= Chung Sun-lin =

Taiwanese geologist

Chung Sun-lin (鍾孫霖) is a Taiwanese geologist.

== Education and career ==
Chung earned his bachelor's (1981), master's (1984), and doctoral (1990) degrees, all in geology, from National Taiwan University. Chung began his teaching career at his alma mater as a lecturer between 1991 and 1994, held an associate professorship at NTU from 1994 to 1998, was subsequently promoted to full professor, and was appointed to a distinguished and chair professorship in 2006, a position he retained until retirement in 2014. Chung was also affiliated with Academia Sinica's Institute of Earth Sciences as an associate research fellow, starting in January 2001. Sung was promoted to distinguished research fellow in May 2014, and became institute director in May 2017.

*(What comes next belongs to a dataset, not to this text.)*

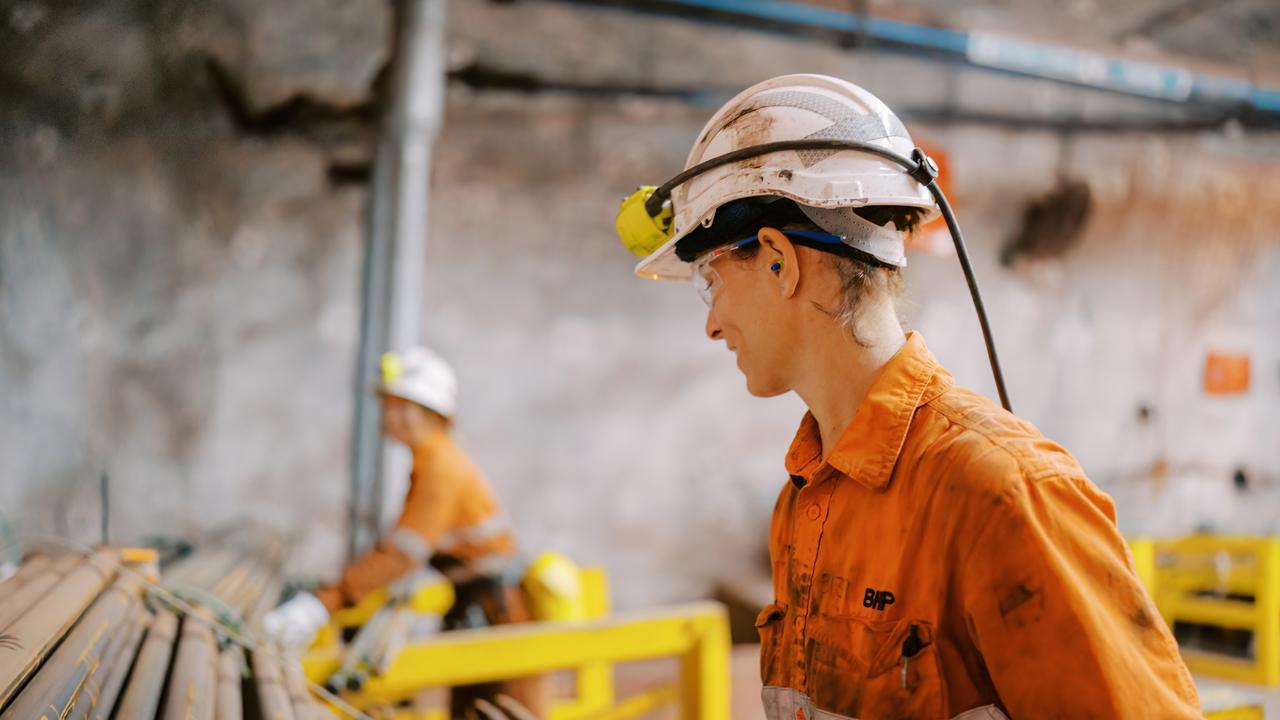 Workers in the tunnels at BHP's Olympic Dam mine. Picture: Supplied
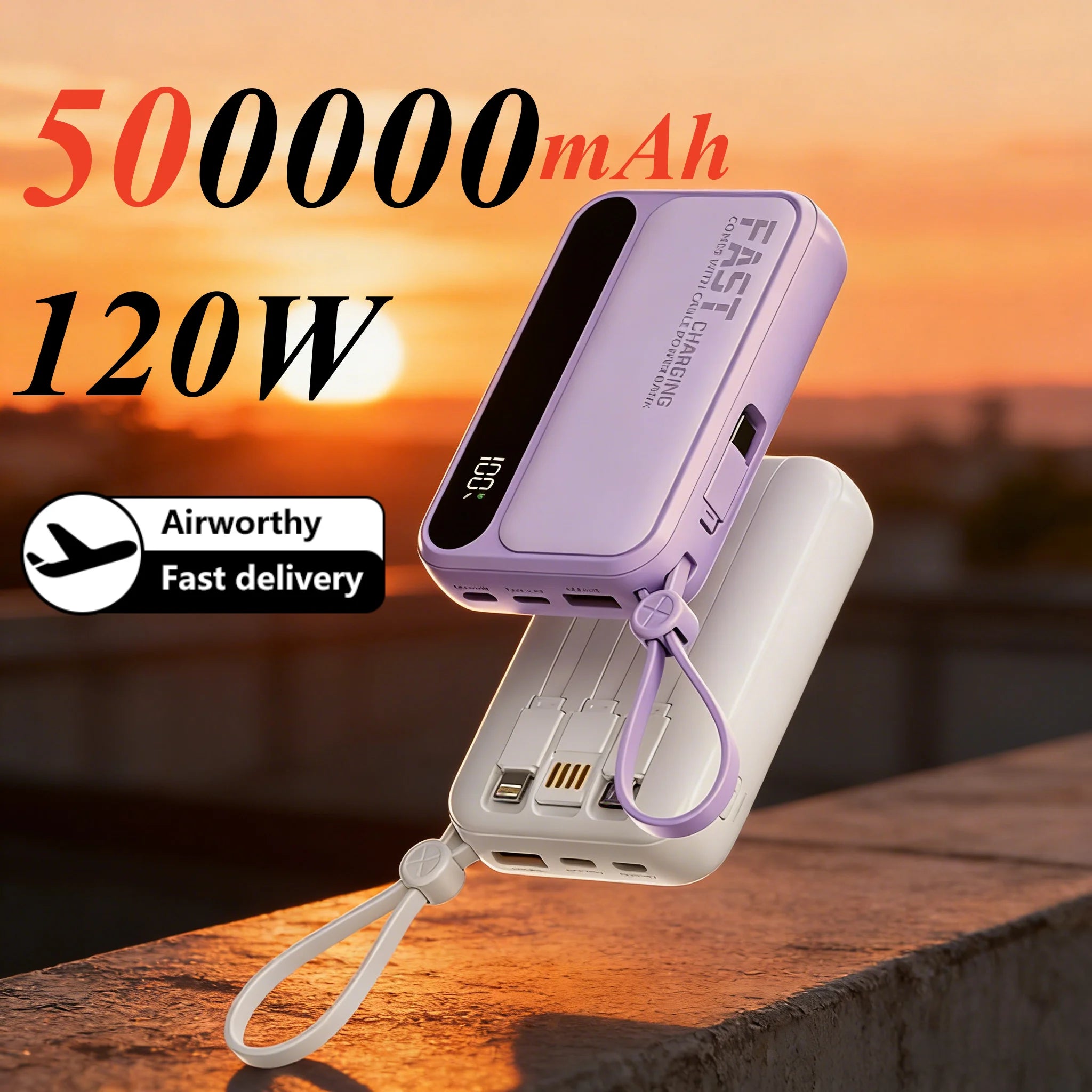 Large Capacity 500000mAh Power Bank 120W 4-in-1 Cables Intelligent Digital Display Portable Powerbank for iPhone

Chung was elected to fellowship within the Geological Society of America and the Mineralogical Society of America in 2005 and 2012, respectively. In 2014, he was awarded the TWAS Prize in Earth Sciences. In 2018, Chung was elected to The World Academy of Sciences as a fellow. Chung was elected a member of Academia Sinica in 2016, and a fellow of the American Geophysical Union in 2023. In 2016, Chung became a laureate of the Asian Scientist 100 by the Asian Scientist.